Nel tempo gestì alcuni dei teatri più importanti di allora e di oggi: la Scala di Milano, il S. Carlo di Napoli (dal 1809 al 1840), rendendolo uno dei teatri più importanti del mondo. Dal 1821 gestì due teatri a Vienna, il Theater am Kärntnertor ed il Theater an der Wien e nel 1826 assunse, per sei stagioni, la gestione del Teatro alla Scala prima di ritornare a Napoli. Nel contempo gestiva il Teatro alla Cannobbiana di Milano (ora Teatro Lirico) dove si ebbero delle prime importanti, come quella de L'elisir d'amore di Gaetano Donizetti.
Barbaja gestì il successo di grandi compositori come Giovanni Pacini, Gioachino Rossini, Gaetano Donizetti o Vincenzo Bellini. E questo non solo nei teatri gestiti direttamente da lui, ma anche per le sue entrature in altri grandi teatri. La sua celebrità fu tale che venne chiamato "il principe degli impresari" e "il viceré di Napoli". La sua fama aumentò notevolmente quando riuscì ad organizzare, in soli nove mesi, la ricostruzione del San Carlo distrutto da un incendio.
13/05/2026
Magnifico volume di Eduardo De Filippo dedicato al Teatro San Ferdinando in occasione della riapertura avvenuta il 22 gennaio 1954. Il volume si fregia della dedica dello stesso Eduardo a Franco Cortese, pilota della Ferrari che partecipò in quegli anni al Gran Premio di Napoli vincendo nel 1950. E' raro trovare una dedica scritta da Eduardo con tratto così fluido. La dedica è del 24 gennaio 1954 a due giorni dall'inaugurazione del San Ferdinando.
07/05/2026
Invito alla Presentazione Editoriale del volume dedicato alla memoria di Arianna Flagiello e Salvatore Pico.
È con vivo piacere che annuncio la presentazione del libro “Arianna, i Pinocchi e Salvatore”, scritto da Vincenzo Capuano, docente di Storia del Giocattolo presso l'Università Suor Orsola Benincasa.
Il volume si fregia della prestigiosa prefazione dello scrittore Maurizio de Giovanni e della postfazione a cura dello psicoterapeuta Rosario Cortese.
L'evento avrà luogo in occasione del Salone Internazionale del Libro di Torino:
Sabato 16 maggio, ore 12:00
Padiglione Oval – Stand D’Amato Editore
Nel corso della presentazione interverranno:
Vincenzo Capuano, autore del volume;
Maurizio de Giovanni, scrittore;
Valentina Flagiello, sorella di Arianna.
L'incontro sarà moderato dalla giornalista Mariailaria Verderame.
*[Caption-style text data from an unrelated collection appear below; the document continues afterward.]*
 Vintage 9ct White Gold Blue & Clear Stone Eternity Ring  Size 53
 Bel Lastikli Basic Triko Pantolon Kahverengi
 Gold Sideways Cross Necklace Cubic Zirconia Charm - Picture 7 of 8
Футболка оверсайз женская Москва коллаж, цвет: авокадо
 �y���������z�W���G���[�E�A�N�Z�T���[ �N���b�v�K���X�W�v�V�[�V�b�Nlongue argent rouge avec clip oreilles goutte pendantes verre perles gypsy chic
Le Edizioni Morghen si arricchiscono di una nuova pubblicazione, motivo di profonda gratitudine e orgoglio nel mio percorso di Editore. Desidero rivolgere un sentito ringraziamento all'autore, Vincenzo Capuano, e a Maurizio de Giovanni e Rosario Cortese, i cui autorevoli contributi hanno conferito al volume un valore inestimabile. Un sincero riconoscimento va, inoltre, a Francesco D'Amato Editore per la generosa ospitalità presso il suo spazio espositivo a Torino
30/04/2026
Un magnifico acquerello monocromatico raffigurante il tipico calesse napoletano del XIX secolo. Autore: Hjalmar Morner, pittore e litografo svedese, datato 31/9/1830. Eccezionale qualità pittorica.
21/04/2026
7 fotografie scattate da Achille Mauri all'indomani del terremoto di Casamicciola del 28 luglio 1883 rappresentano uno dei primi esempi di documentazione fotografica di una catastrofe naturale in Italia.
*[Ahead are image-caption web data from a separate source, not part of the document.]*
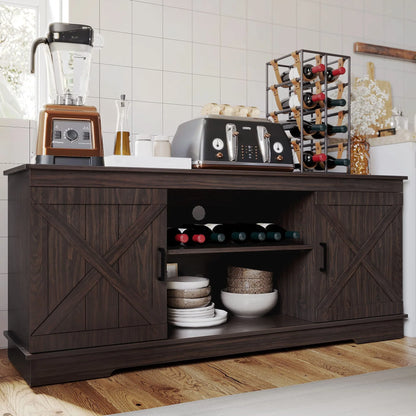 DEXTRUS Farmhouse Storage Cabinet, Buffet Sideboard with Barn Door for Dinning Living Room, Espresso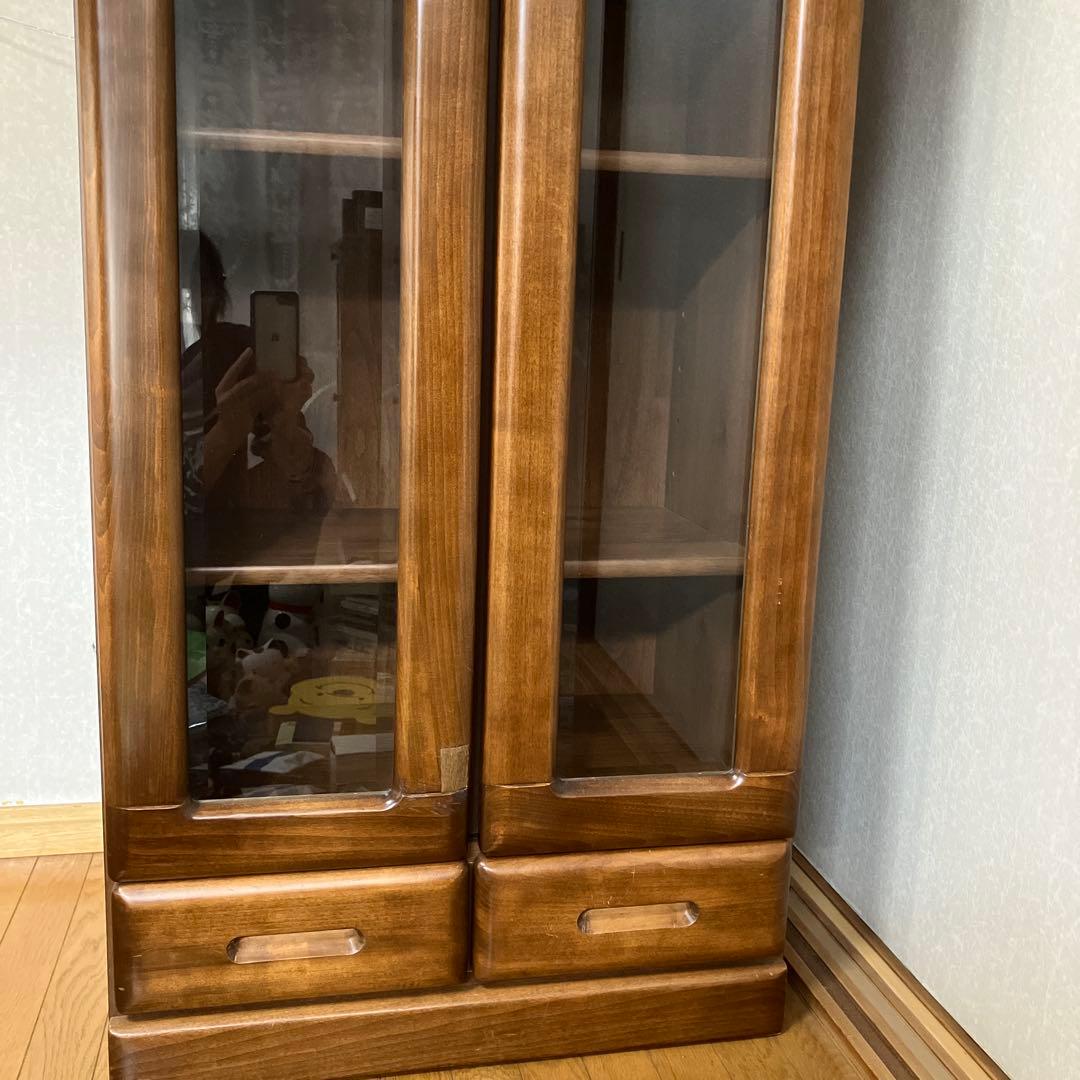 木製ブラウンガラスキャビネット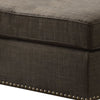 Ottoman with Fabric Upholstery and Nailhead Trim Details Gray By Casagear Home BM250332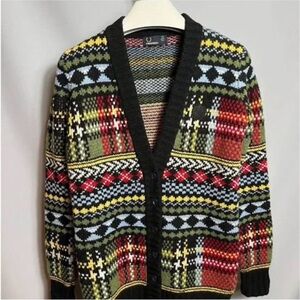 Fred Perry Multicolor Knit Cardigan with Black Trim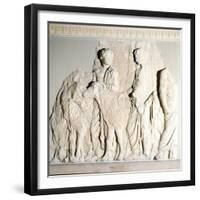 Parthenon Frieze, Elgin Marbles, Sacrifice Procession with Ram, c5th century BC-Phidias-Framed Giclee Print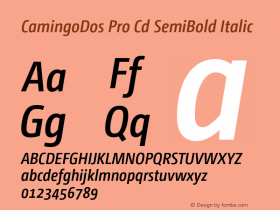 CamingoDos Pro Cd SemiBold Italic Version 2.000 Font Sample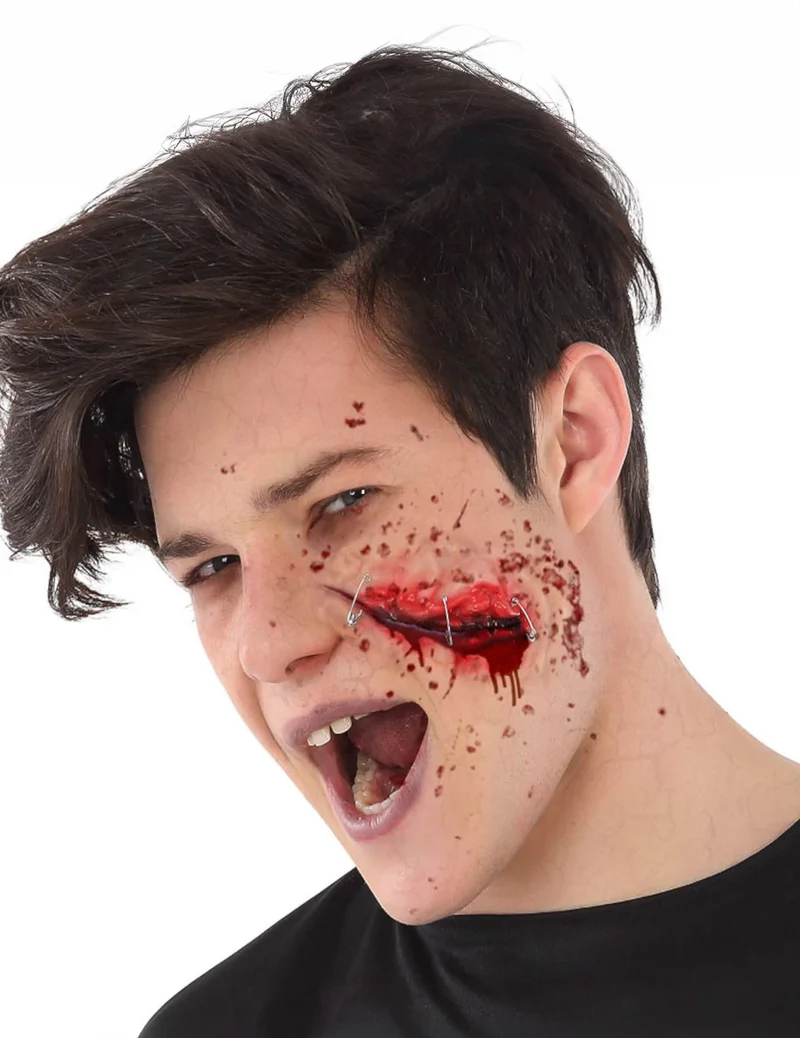 Künstliche Wunde Halloween-Make-up Schnittwunde für Erwachsene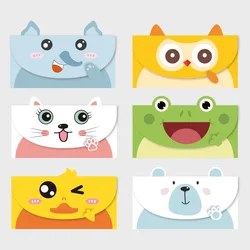 Enveloppe en papier à motifs d'animaux de dessin animé, lot de 10 pièces, Message de fête, carte d'anniversaire pour enfants, Kawaii, lettres personnalisées, DIY bricolage 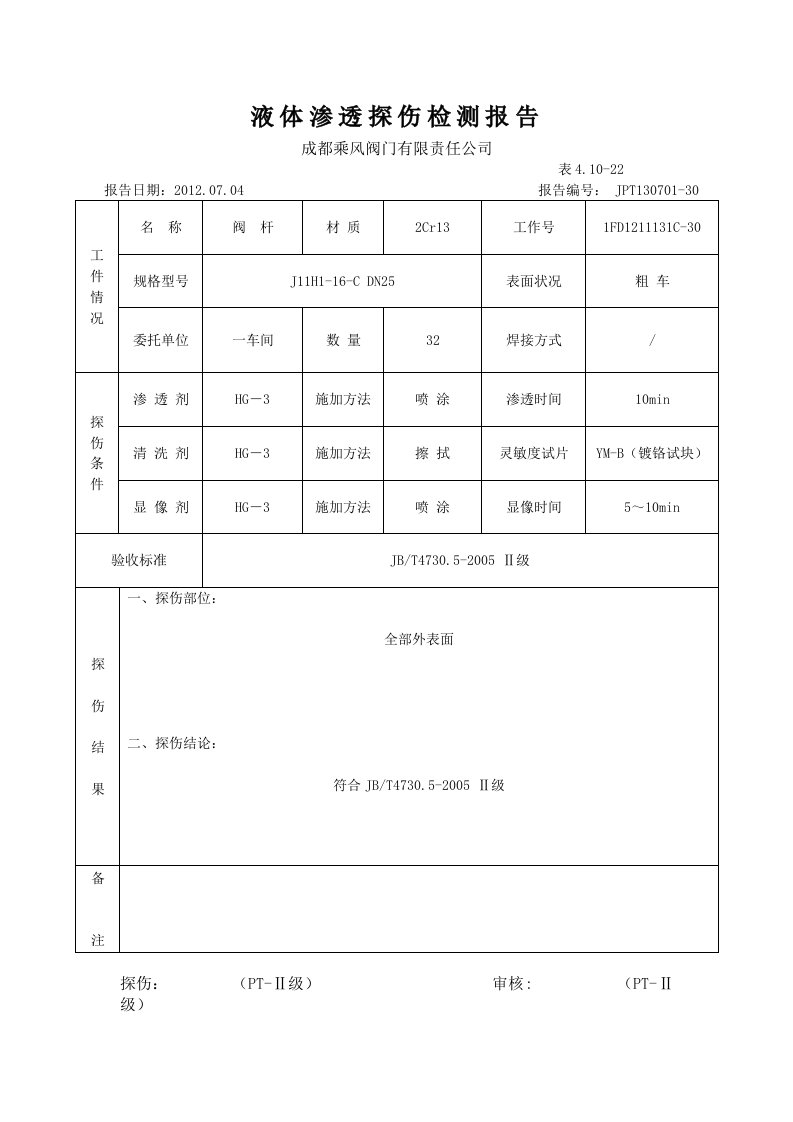 液体渗透探伤检测报告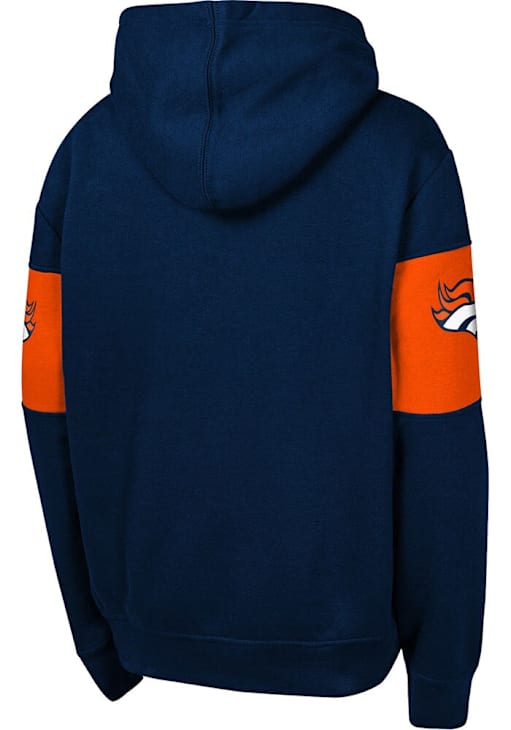 Denver Broncos Youth NAVY Red Zone Long Sleeve Hoodie 133430199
Le stampe all'albumina prodotte dallo stabilimento Mauri — che aveva rilevato l'archivio di Alphonse Bernoud — mostrano con drammatico realismo gli effetti del sisma. Rarità.
20/04/2026
Due fotografie, autore Achille Mauri, raffiguranti Casamicciola(Ischia) ed il castello Aragonese di Ischia. Anno 1880 circa.